= Your goal =
Repeat word for word the lines from the top of the records through the line containing "Boulder Placement in", and skip the pictures.
..............................
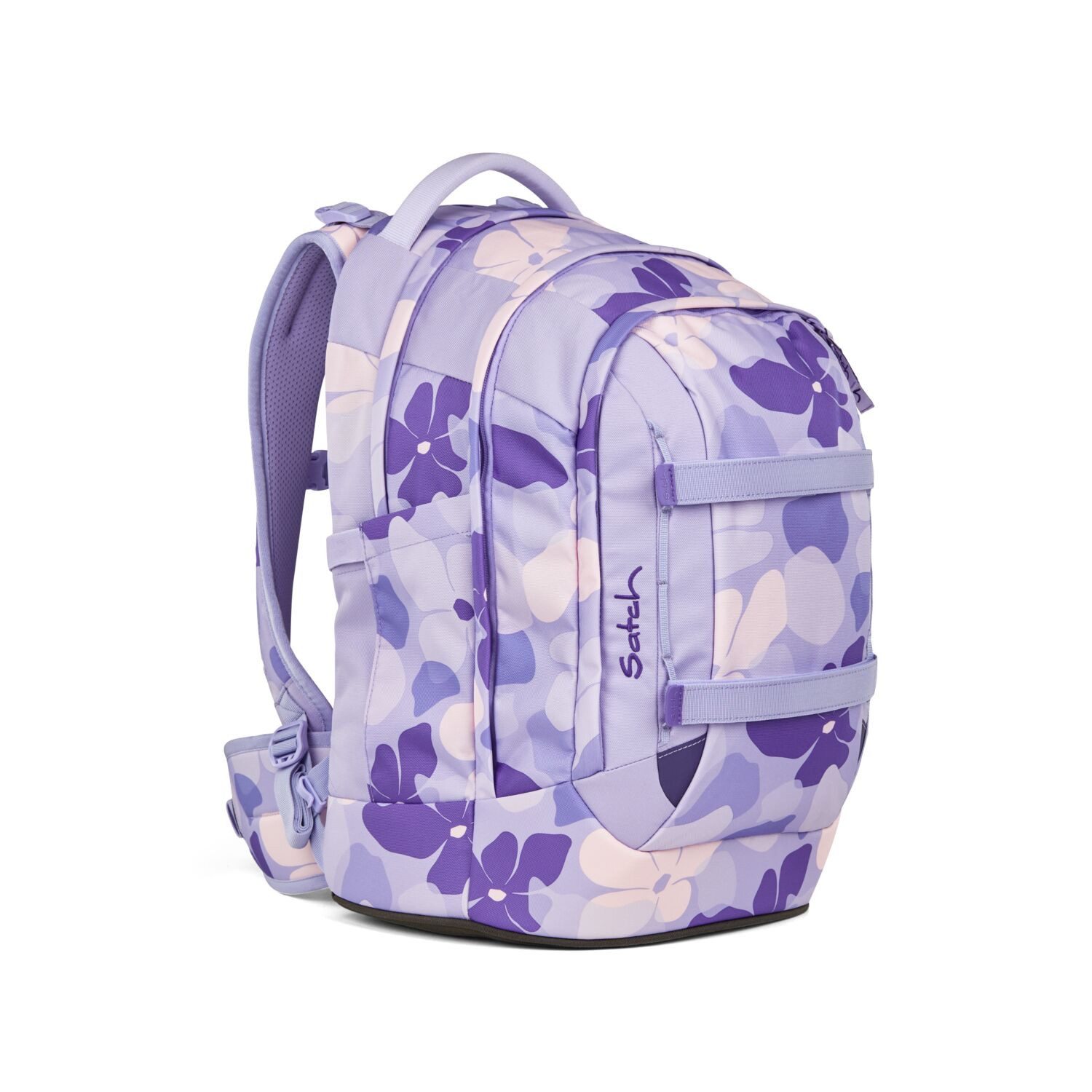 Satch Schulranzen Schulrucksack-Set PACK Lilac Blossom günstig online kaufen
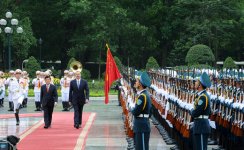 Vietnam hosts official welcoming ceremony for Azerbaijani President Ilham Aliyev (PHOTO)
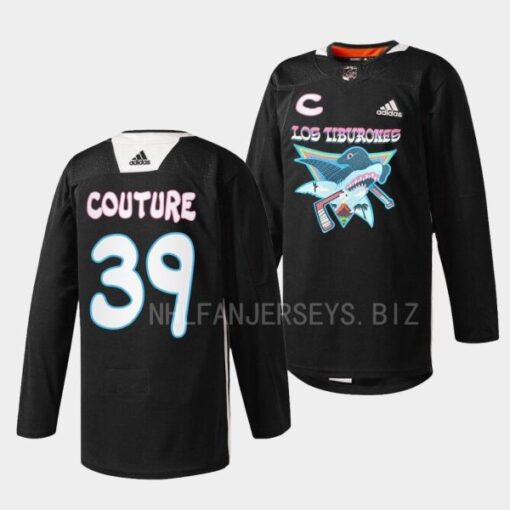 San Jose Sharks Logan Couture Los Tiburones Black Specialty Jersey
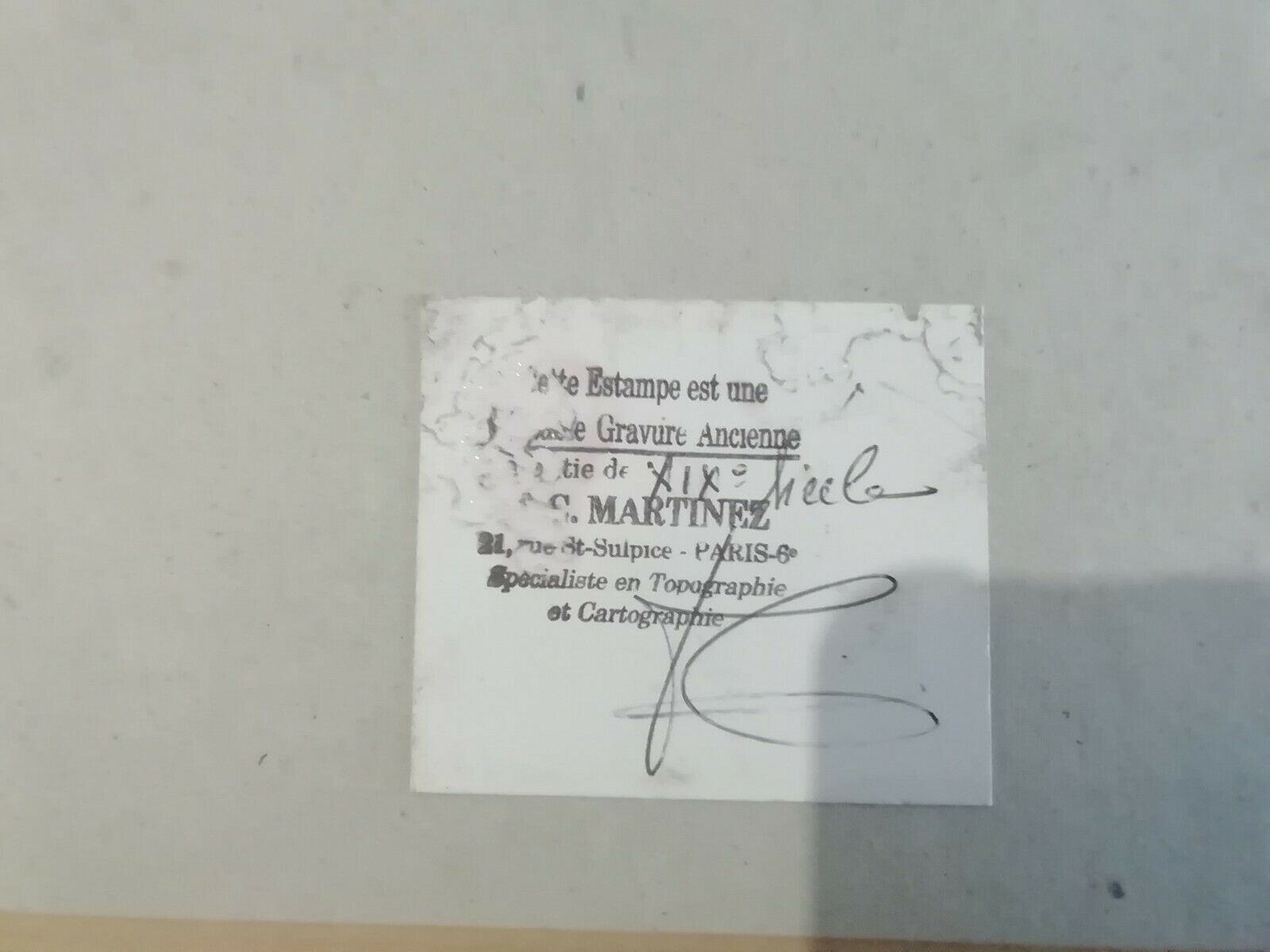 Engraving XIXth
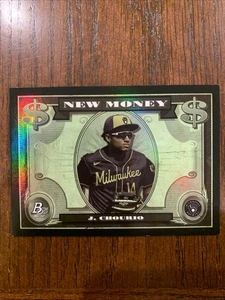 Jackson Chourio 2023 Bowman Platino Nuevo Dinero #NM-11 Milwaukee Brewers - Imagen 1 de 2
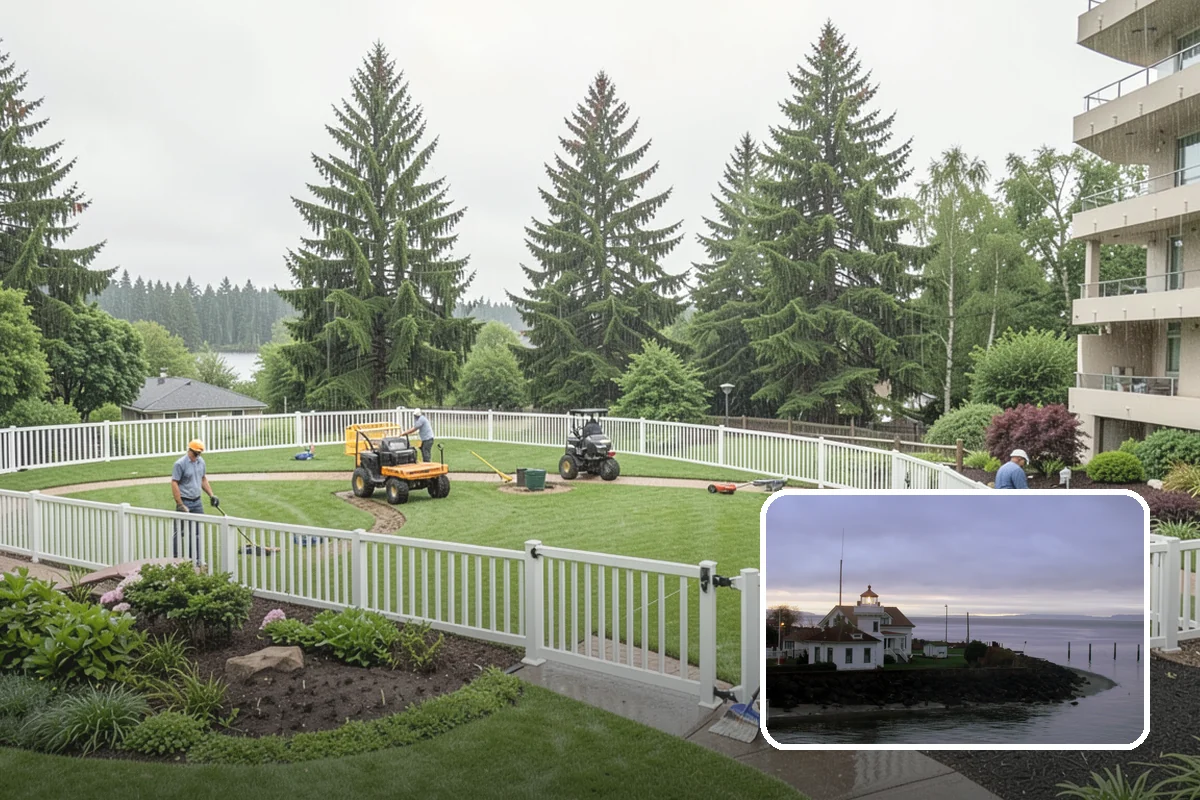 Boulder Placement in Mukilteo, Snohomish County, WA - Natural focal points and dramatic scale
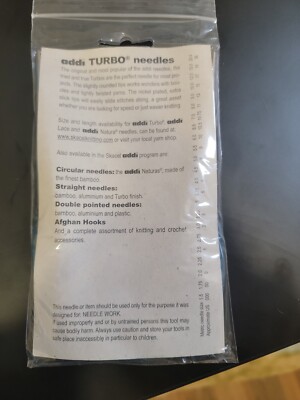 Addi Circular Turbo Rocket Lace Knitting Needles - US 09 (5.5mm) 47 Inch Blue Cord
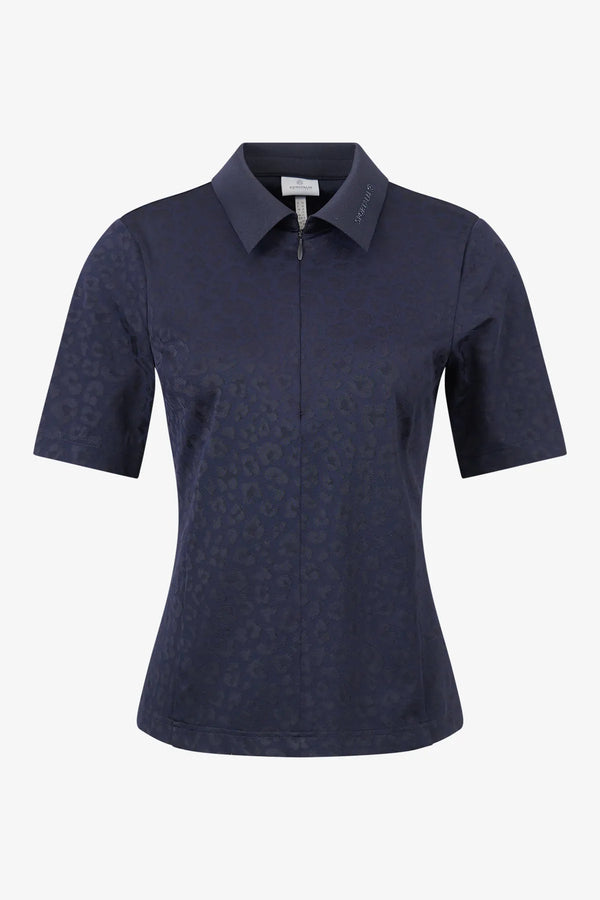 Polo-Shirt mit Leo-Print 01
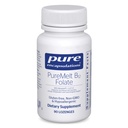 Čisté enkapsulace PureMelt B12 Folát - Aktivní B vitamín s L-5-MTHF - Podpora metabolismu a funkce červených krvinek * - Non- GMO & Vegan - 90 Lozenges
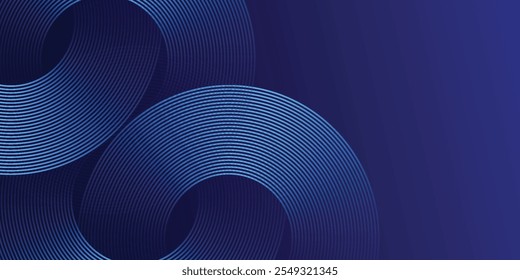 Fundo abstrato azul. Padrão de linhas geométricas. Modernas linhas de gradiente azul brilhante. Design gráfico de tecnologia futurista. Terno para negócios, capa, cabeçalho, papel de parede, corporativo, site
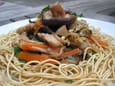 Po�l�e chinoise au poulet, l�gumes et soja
..............................
= Your response =
 Satch Schulranzen Schulrucksack-Set PACK Lilac Blossom günstig online kaufen
 Vietnam hosts official welcoming ceremony for Azerbaijani President Ilham Aliyev (PHOTO)
 San Jose Sharks Logan Couture Los Tiburones Black Specialty Jersey
 Engraving XIXth
 Jackson Chourio 2023 Bowman Platino Nuevo Dinero #NM-11 Milwaukee Brewers - Imagen 1 de 2
 Boulder Placement in Mukilteo, Snohomish County, WA - Natural focal points and dramatic scale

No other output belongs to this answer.